_Exercise objective_
Print the listing below a second time, exactly, and omit its images.

_Exercise data_
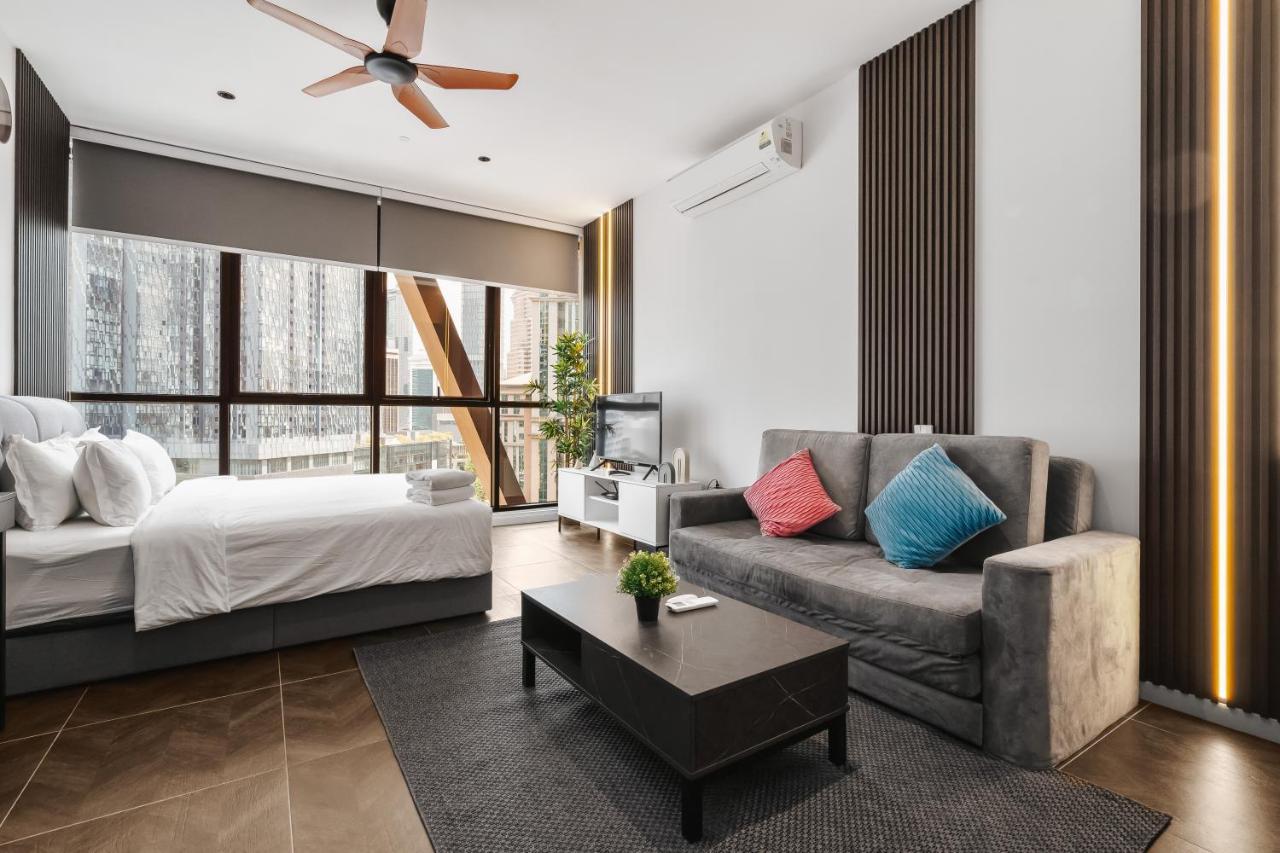 Scarletz Klcc Apartments By Soulasia Kuala Lumpur Esterno foto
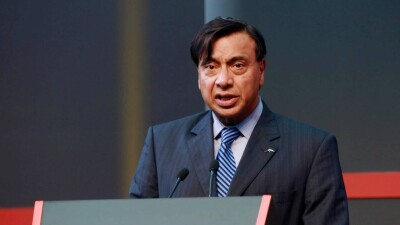 Почему миллиардер Лакшми Миттал допускает гибель шахтёров его компании?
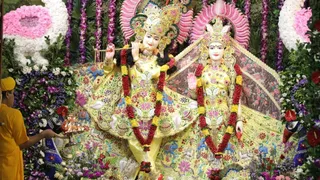 कान्हा के जन्म पर बांकेबिहारी मंदिर में गूंजा जयकारा।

_Written answer_
 Scarletz Klcc Apartments By Soulasia Kuala Lumpur Esterno foto
 Почему миллиардер Лакшми Миттал допускает гибель шахтёров его компании?
 कान्हा के जन्म पर बांकेबिहारी मंदिर में गूंजा जयकारा।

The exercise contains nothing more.